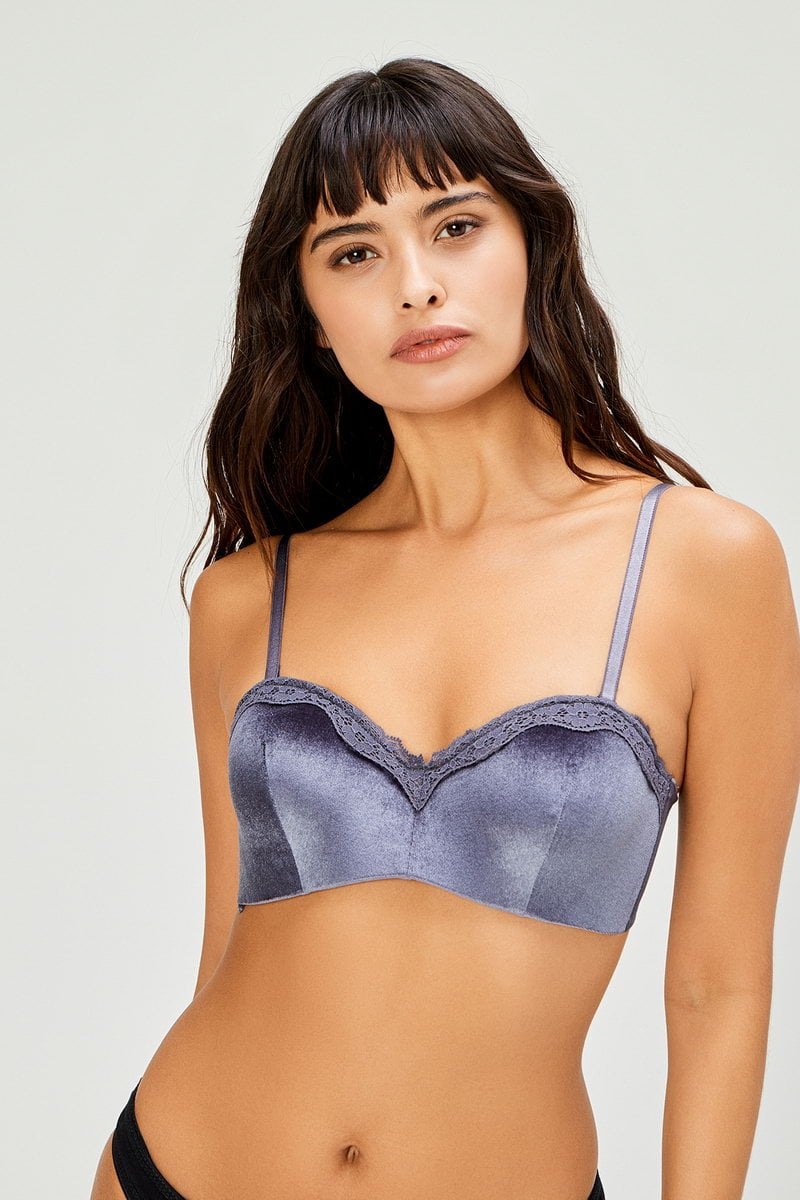 Cansoy Kadife Kaplı Büstiyer 307 Antrasit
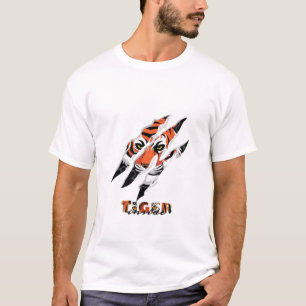 Fierce Tiger Claw Rip – Wild Beast Power Design T-Shirt
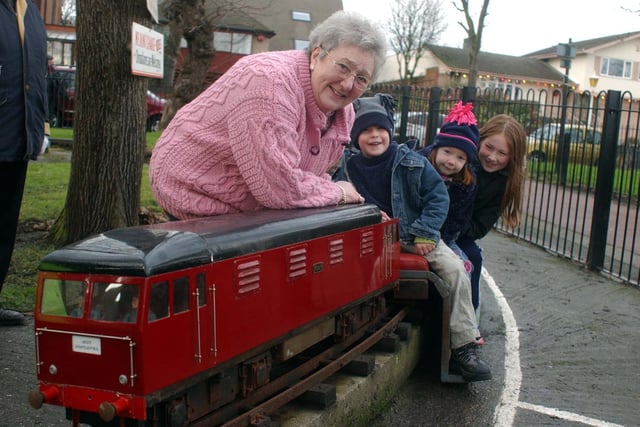 Back to 2004 for this view of Sam, Sophie and Rosie Scott taking a ride with their gran on one of the model trains in Roker Park.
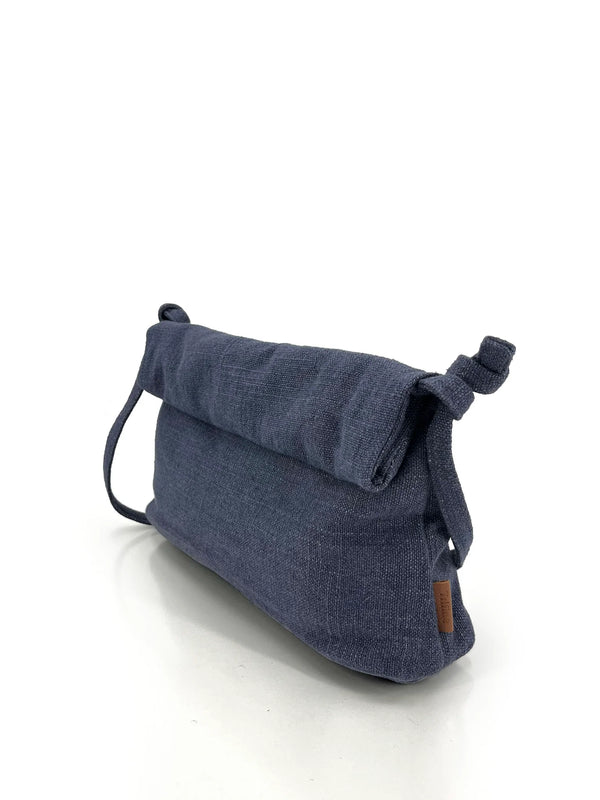 Trifine Natural Roll-top Bag-Navy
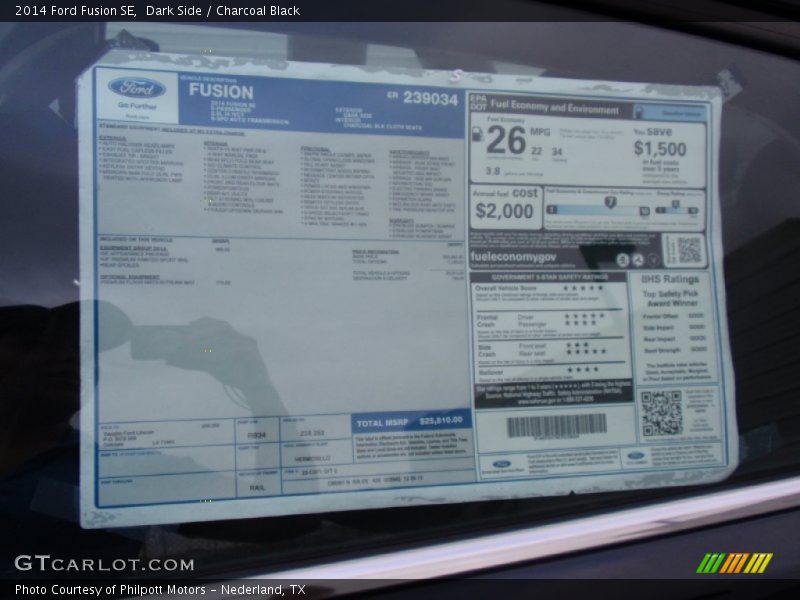 Dark Side / Charcoal Black 2014 Ford Fusion SE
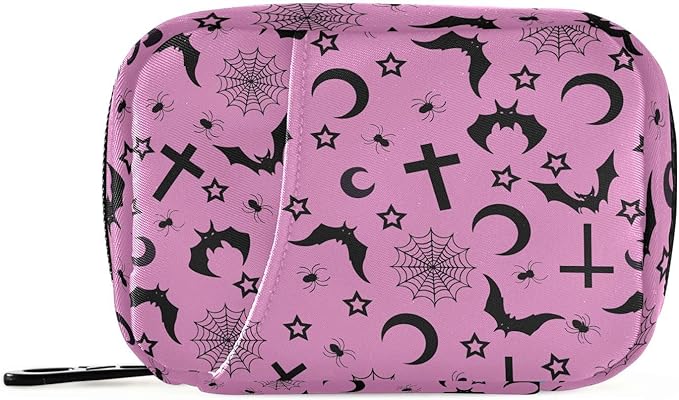 Halloween Bats Crosses Stars Gothic Pill Box 7 Day Pill Case Travel Pill Organizer Bag Container for Medicine with Zipper Portable Weekly Case Compact Size for Medicine, Vitamin, Supplement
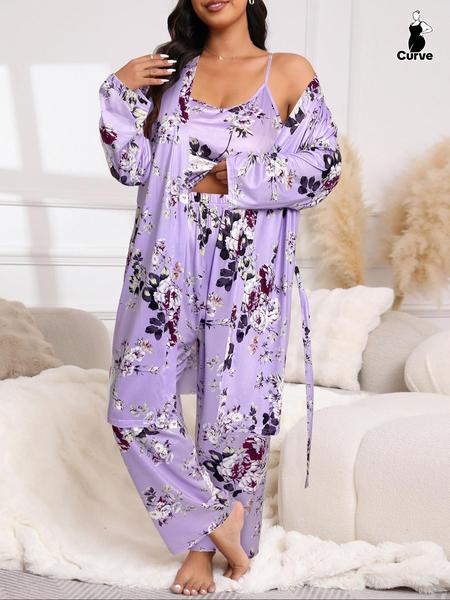 Plus Size 3-Piece Set Floral Print Belted Lounge Robe & Cami Top & Elastic Waist Pants Pyjama Set, Elegant Comfy Women's Sleepwear for Spring & Fall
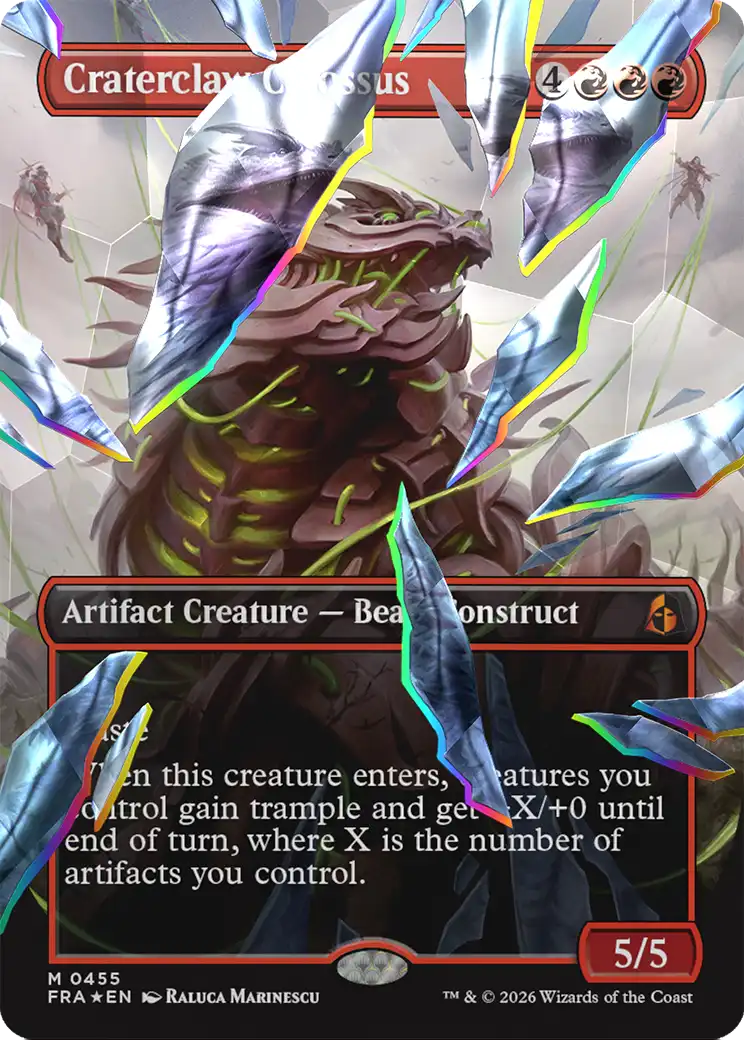 Craterclaw Colossus (Borderless) (Facet Foil) [Reality Fracture] | Devastation Store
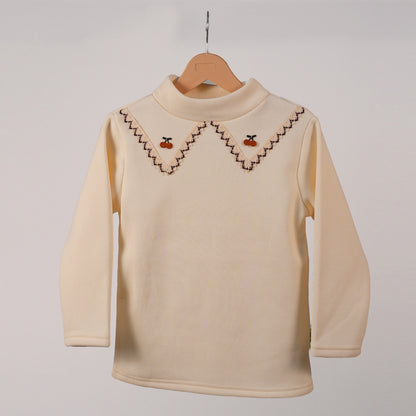 White tee with embroidered collar motif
☆ ☆ ☆ ☆ ☆
# [What you have to do]
Return exactly what appears from the opening line of the material through the line with "Halloween Bats Crosses", apart from the pictures.

# [Task output]
 Cansoy Kadife Kaplı Büstiyer 307 Antrasit
 Fierce Tiger Claw Rip – Wild Beast Power Design T-Shirt
 Back to 2004 for this view of Sam, Sophie and Rosie Scott taking a ride with their gran on one of the model trains in Roker Park.
 Trifine Natural Roll-top Bag-Navy
 Dark Side / Charcoal Black 2014 Ford Fusion SE
 Halloween Bats Crosses Stars Gothic Pill Box 7 Day Pill Case Travel Pill Organizer Bag Container for Medicine with Zipper Portable Weekly Case Compact Size for Medicine, Vitamin, Supplement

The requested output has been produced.